SALT LAKE CITY — While a bill seeking $35 million for affordable housing has yet to surpass its biggest obstacle at the Utah Legislature, developers and business leaders came together Monday to show they’re doing their part.
As part of that effort, they made the case for legislators to join them, saying they could turn $5 million of state money into $100 million for affordable housing.
“We can’t keep kicking the housing can down the road,” said Clark Ivory, CEO of Ivory Homes, one of Utah’s top home builders, at a news conference Monday on Utah’s Capitol Hill. “We’ve got to deal with it.”
A gang of Utah business giants, including the Clark and Christine Ivory Foundation, Intermountain Healthcare and Zions Bank, announced they will work with the Utah Nonprofit Housing Corporation to create the new Utah Housing Preservation Fund, a fund aimed at helping preserve Utah’s existing affordable housing so they aren’t bought and remodeled to be leased again at sky high prices.
Ivory said the need for preservation of Utah’s existing affordable housing stock became clear recently when his foundation tried to purchase about 200 units in downtown Salt Lake City for preservation, aiming to keep their rents at between $600 and $900 a month.
“We thought this was a huge opportunity,” Ivory said, but they were disappointed when a California investor upped their full-price offer by 5%.
“It’s hard to begrudge the sellers for not taking more money,” Ivory said, but they realized they needed more capital at their fingertips in order to make more competitive offers.
To stop more rental units from going from $800 a month to $1,800 a month and displacing families, Ivory said the Utah Housing Preservation Fund seeks to eventually grow to $100 million or more. The aim to to eventually preserve 500 to 800 affordable units.
The Ivory Foundation, Intermountain Healthcare, and Zions Bank announced a commitment of an initial $20 million for the first phase of the preservation fund, which Ivory said will seek to preserve roughly 100 of the state’s most affordable housing units. Later on, Ivory said stakeholders will actively seek public and private partners to grow the fund to “$100 million and beyond” by the end of 2020.
The units bought by the preservation fund will then be managed by the Utah Nonprofit Housing Corporation, which will also work with housing authorities, service providers and other organizations throughout the state to secure housing for low- and moderate-income Utahns.
To launch the fund, the Utah Nonprofit Housing Corporation is under contract to acquire 54 units of deeply affordable housing from Housing Connect, Salt Lake County’s housing authority. That will not just preserve that housing, Ivory said, but also allow Housing Connect to reinvest the proceeds of the purchase to generate more than 100 additional units for households earning below 30% of the area median income.
“So you can see how this has a cascading effect,” Ivory said. “We will be buying and protecting and preserving these units and give another nonprofit the opportunity to go and invest in new (units).”
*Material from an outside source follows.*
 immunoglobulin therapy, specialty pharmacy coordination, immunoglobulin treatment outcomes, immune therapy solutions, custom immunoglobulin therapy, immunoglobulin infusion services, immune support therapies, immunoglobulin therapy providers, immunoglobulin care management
Gail Miller, owner and chairwoman of the Larry H. Miller Group of Companies and a member of the Intermountain Healthcare Board of Trustees, painted a picture of why affordable housing has become the missing link in Salt Lake County’s new network of homeless resource centers.
“Think for a minute of living in a dorm with 21 beds, where you have a bunk bed that is your space. You have a plastic box you keep under your bed for your belongings,” Miller said. “And you have access to food, shelter training for job services with a person to help you navigate the system. But after you’ve done all of that, you still have no place to go.”
Miller said “we are doing a great job” with the new homeless resource centers, “but they’re only one part of the solution.”
“When we have people who are willing to provide that last critical step, which is housing, that makes the whole difference,” she said. “Everything that goes up to that point is important, but it’s lost if the housing opportunity is not there.”
A bill seeking $35 million in state money — $5 million of which would be used for this preservation fund — was given unanimous approval by a House committee Monday morning. But the bill’s sponsor, Sen. Jake Anderegg, R-Lehi, expects the real challenge to come on the House floor, where he plans to lobby for dollars as legislative leaders hash out the budget.
Following the collapse of tax reform to fix what legislators call a funding imbalance between education and general fund dollars, leaders have given no promises for affordable housing this year, even after last year’s bill was completely stripped of its fiscal note.
Still, Ivory urged legislators to commit to helping solve Utah’s housing “crisis.”
“We recognize that the budget is tight,” Ivory said, be he said that $5 million in state money would help stakeholders “leverage” it into the eventually $100 million fund that would have an “enormous impact” for affordable housing.
“We hope the Legislature will be bold and move forward, even in tough budgetary times,” Ivory said, “and do what we hope will help us solve this problem.”
Anderegg told the Deseret News after Monday’s news conference he “most definitely” expects the preservation fund will help leverage at least the $5 million ask in his bill.